The Money for good UK research, launched by NPC back in March, provides detailed insight into donor motivation and behaviour based on a survey of over 3,000 high-income and mainstream donors. The report has a wide scope, but I want to focus on a few findings that highlight the current low levels of impact-based giving among ‘mainstream’ donors and consider how this could be improved.

It is encouraging that 60% of respondents care about the impact a charity has. While it seems somewhat intuitive that donors would rate the impact of a charity as important when asked, this finding demonstrates the potential for large numbers of donors to consider information on impact when making giving decisions.

But despite this high number, a smaller proportion [around 38%] of mainstream donors actually do research before making a significant donation. Most use it to help them decide whether to donate, 18% look for information to help them choose between multiple charities (7% of all donors), and only 2% use an informed assessment of impact to help them make that decision.

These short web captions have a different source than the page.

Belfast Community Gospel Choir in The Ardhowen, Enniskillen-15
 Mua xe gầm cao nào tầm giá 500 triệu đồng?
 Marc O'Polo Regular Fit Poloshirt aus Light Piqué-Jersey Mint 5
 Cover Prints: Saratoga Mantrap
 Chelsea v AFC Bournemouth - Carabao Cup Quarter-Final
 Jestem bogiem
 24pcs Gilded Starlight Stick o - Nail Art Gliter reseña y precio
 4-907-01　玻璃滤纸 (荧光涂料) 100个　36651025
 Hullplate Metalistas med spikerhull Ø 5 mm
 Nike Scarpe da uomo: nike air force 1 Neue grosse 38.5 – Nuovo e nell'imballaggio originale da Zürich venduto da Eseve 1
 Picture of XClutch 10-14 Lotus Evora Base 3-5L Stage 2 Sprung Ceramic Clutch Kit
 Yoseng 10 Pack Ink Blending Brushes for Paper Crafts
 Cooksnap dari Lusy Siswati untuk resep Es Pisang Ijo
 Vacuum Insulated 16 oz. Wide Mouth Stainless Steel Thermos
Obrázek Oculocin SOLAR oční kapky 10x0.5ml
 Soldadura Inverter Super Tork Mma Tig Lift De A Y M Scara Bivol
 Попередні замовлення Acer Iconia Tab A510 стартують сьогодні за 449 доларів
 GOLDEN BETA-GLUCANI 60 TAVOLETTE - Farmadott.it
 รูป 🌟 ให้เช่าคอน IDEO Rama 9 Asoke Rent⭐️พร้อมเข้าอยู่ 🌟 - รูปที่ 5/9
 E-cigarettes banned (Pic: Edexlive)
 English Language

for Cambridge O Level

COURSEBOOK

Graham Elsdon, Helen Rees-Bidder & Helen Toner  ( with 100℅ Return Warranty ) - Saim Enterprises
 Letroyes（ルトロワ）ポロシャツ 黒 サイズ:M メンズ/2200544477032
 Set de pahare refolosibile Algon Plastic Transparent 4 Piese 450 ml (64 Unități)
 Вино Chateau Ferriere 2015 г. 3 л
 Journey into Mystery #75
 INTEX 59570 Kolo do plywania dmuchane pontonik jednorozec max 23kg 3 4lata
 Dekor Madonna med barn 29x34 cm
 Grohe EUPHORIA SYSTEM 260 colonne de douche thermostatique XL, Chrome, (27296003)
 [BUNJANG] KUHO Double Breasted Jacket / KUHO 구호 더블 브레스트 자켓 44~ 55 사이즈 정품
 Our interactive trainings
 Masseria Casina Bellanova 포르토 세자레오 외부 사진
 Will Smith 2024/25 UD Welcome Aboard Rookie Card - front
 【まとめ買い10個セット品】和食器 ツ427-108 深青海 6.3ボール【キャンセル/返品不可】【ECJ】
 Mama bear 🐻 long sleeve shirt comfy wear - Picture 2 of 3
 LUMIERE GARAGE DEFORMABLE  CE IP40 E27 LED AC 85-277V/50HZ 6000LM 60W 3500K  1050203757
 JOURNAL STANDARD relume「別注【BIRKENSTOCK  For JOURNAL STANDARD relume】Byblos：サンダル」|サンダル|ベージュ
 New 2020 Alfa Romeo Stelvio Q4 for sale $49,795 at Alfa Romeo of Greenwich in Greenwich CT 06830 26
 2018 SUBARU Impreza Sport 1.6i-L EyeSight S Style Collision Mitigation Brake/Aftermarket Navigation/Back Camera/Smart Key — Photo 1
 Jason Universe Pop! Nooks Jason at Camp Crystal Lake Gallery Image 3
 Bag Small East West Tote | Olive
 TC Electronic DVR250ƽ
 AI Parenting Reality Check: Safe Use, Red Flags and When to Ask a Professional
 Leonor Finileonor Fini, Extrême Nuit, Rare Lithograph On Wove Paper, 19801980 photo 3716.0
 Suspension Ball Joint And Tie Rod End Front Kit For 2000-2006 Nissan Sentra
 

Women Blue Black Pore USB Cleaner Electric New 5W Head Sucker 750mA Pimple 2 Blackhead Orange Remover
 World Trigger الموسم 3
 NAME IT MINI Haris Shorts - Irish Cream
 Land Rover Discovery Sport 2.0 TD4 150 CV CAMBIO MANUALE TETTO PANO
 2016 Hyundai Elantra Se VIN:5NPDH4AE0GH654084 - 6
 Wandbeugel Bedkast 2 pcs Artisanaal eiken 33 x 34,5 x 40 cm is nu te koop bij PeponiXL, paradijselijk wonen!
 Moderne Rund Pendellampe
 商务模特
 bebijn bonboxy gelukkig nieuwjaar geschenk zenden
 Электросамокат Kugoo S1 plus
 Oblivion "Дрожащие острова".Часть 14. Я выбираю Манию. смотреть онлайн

So… Why do so few donors spend time researching impact before making a donation?

The reality is there is still a chronic lack of awareness and demand for this type of information. Donors give to charity for a variety of social, emotional and moral reasons, and although impact reporting is increasingly embraced as best practice within the sector and by high level philanthropists, it still struggles to gain traction with the general public -most of whom are not aware of modern developments within the charity sector.

There is also a supply-side problem. Despite the improvements in outcome and impact reporting over the last decade, donors do not have access to standardised, easily understandable information. Outcome and impact reports, while of undoubted value to funders, sector experts and charities themselves, are often complex and full of technical terminology, and therefore of little use to the mainstream donor. It is also massively time-consuming to search for the outcomes of a large charity or one of its programs, let alone analyse and compare them.

It’s worth looking to the US for inspiration, where several organisations set up to evaluate charities are now providing donors with simplified information about a charity’s impact. Charity Navigator has broadened its approach to include information on a charity’s transparency and the quality of results reporting. This allows a donor to identify charities that provide basic results reporting information and avoid those that don’t. Givewell conduct in-depth research and spend a great deal of time evaluating international aid and development charities. They highlight three charities each year that they believe represent outstanding value for money donations.

Both these sites have their limitations. Charity Navigator’s methodology, despite efforts to increase the scope of its evaluations, could be seen as simplistic and somewhat reductionist. Givewell has perhaps veered too far the other way in providing a bewildering amount of information about its internal research processes that could discourage mainstream donors. However, they should both be commended for taking up this considerable challenge and providing a valuable resource to donors.

The long-term vision of a charity sector where impact measurement is shared and comparable across different organisations remains some way off. However, this should not stop efforts to provide donors with usable information on impact to help inform giving.